▶ THE TASK
Repeat exactly, and only, the lines of the entries below from the one with "Recambio de paragolpes" through the one with "Продажа квартиры, Иноземцево, ул.", both ends included.

▶ DATA UNDER STUDY
*** Block opens ***

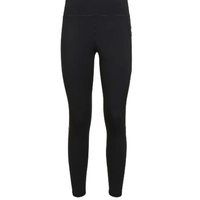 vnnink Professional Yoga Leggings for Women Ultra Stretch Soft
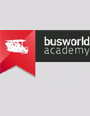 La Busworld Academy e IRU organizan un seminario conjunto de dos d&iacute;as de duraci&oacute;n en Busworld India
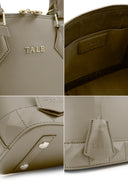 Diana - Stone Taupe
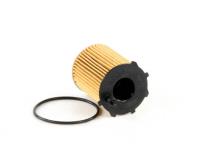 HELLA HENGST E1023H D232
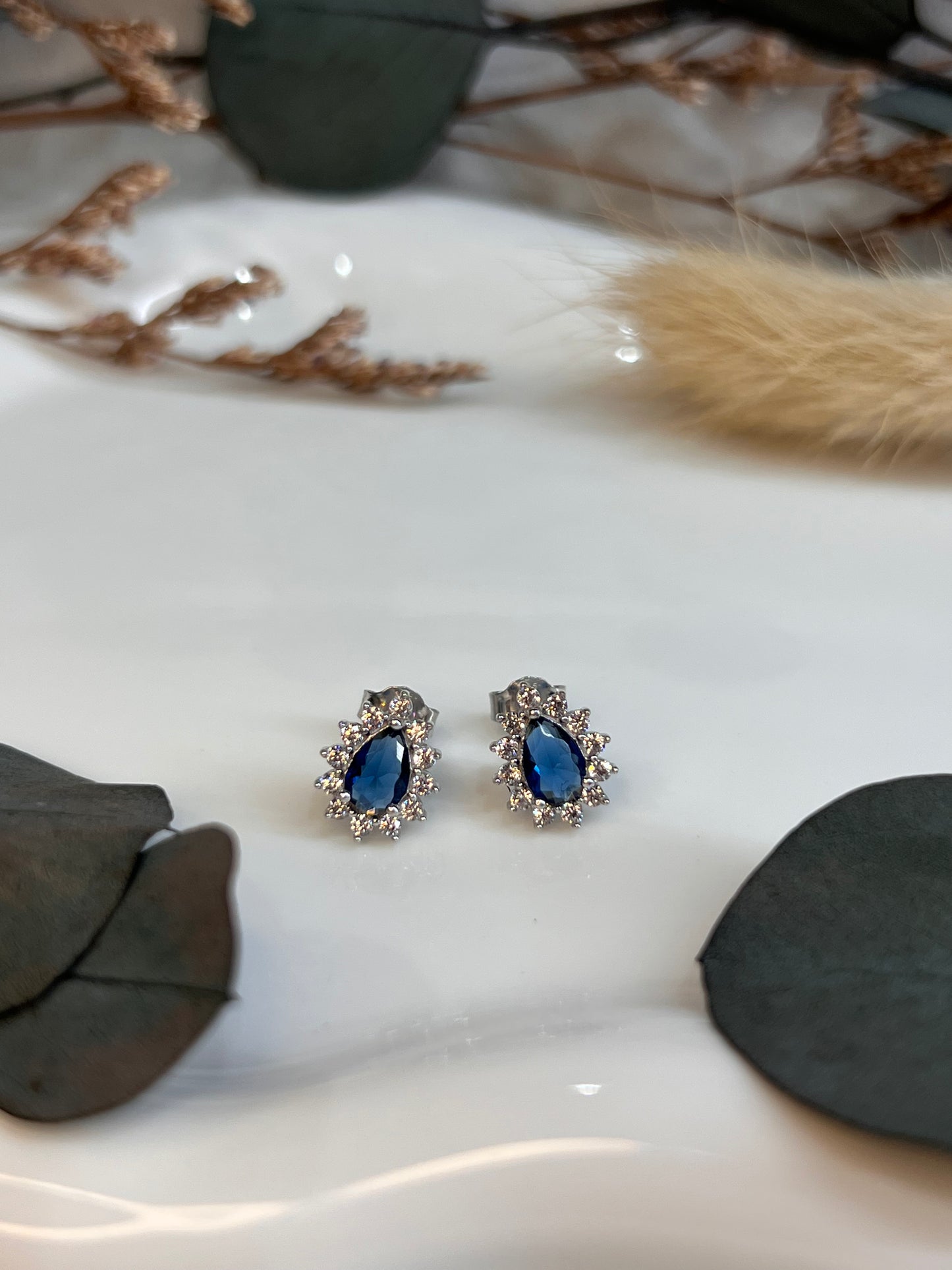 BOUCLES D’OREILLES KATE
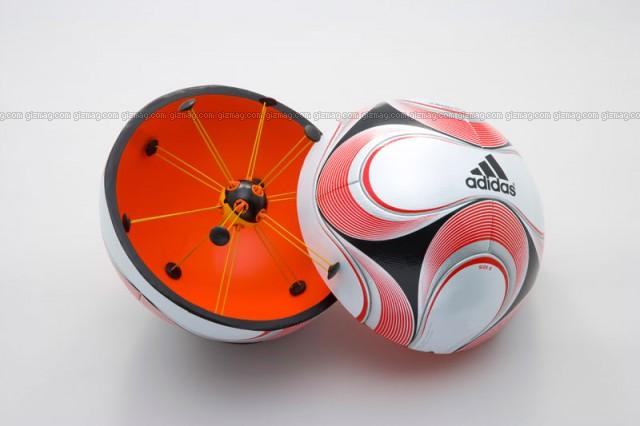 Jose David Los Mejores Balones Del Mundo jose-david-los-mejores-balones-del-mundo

*** Block closes ***
*** Block opens ***

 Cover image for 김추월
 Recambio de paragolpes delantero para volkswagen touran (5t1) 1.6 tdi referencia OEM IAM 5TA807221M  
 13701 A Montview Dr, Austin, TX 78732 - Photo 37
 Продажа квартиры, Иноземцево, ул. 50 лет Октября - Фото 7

*** Block closes ***

▶ RESULT OF THE TASK
 Recambio de paragolpes delantero para volkswagen touran (5t1) 1.6 tdi referencia OEM IAM 5TA807221M  
 13701 A Montview Dr, Austin, TX 78732 - Photo 37
 Продажа квартиры, Иноземцево, ул. 50 лет Октября - Фото 7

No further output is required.